• **WORK REQUIRED**
Give back nothing but the number of lines in these entries that contain the word "sale".

• **DATASET EXTRACT**
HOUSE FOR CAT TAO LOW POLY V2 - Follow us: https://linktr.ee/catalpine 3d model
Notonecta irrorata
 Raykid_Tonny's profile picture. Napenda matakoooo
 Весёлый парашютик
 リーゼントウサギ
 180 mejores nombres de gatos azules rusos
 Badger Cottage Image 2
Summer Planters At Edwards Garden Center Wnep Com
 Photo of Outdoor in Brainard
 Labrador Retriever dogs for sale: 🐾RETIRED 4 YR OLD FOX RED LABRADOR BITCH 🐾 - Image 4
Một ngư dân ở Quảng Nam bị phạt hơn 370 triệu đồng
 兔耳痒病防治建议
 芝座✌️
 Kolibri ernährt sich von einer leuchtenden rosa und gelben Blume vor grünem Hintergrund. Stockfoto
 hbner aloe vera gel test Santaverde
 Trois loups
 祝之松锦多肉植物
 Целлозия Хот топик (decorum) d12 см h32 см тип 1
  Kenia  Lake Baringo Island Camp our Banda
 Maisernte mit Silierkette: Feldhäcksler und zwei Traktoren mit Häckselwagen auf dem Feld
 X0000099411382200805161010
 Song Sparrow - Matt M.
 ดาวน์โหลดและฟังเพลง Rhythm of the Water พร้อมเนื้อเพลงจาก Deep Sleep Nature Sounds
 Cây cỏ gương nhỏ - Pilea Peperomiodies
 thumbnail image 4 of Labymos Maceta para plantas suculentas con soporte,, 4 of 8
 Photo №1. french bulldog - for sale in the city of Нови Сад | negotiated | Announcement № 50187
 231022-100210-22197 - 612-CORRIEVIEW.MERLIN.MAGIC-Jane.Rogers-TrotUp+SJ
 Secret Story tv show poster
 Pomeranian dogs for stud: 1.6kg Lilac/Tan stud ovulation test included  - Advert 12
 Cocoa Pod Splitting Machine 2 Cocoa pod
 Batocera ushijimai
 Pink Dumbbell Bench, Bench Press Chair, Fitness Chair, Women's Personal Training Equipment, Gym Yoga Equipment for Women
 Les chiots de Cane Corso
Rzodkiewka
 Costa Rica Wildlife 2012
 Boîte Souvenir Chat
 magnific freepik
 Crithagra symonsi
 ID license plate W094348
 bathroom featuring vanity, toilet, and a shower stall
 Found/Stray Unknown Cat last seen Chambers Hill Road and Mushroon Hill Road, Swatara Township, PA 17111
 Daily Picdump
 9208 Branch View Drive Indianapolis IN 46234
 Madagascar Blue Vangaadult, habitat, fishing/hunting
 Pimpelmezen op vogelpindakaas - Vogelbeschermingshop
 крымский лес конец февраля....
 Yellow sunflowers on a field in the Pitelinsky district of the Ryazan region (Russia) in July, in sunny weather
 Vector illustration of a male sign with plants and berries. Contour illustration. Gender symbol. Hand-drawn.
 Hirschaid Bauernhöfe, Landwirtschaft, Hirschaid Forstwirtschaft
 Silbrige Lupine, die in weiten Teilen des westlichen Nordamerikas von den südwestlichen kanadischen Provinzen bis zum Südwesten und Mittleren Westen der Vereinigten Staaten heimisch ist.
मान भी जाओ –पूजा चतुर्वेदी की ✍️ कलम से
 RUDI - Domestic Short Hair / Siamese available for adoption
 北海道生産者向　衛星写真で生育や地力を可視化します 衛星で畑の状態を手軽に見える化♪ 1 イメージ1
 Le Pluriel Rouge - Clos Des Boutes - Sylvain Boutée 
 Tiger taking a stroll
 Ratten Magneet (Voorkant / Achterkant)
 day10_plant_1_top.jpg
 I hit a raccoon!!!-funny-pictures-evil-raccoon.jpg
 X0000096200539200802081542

• **SOLUTION TO THIS EXERCISE**
2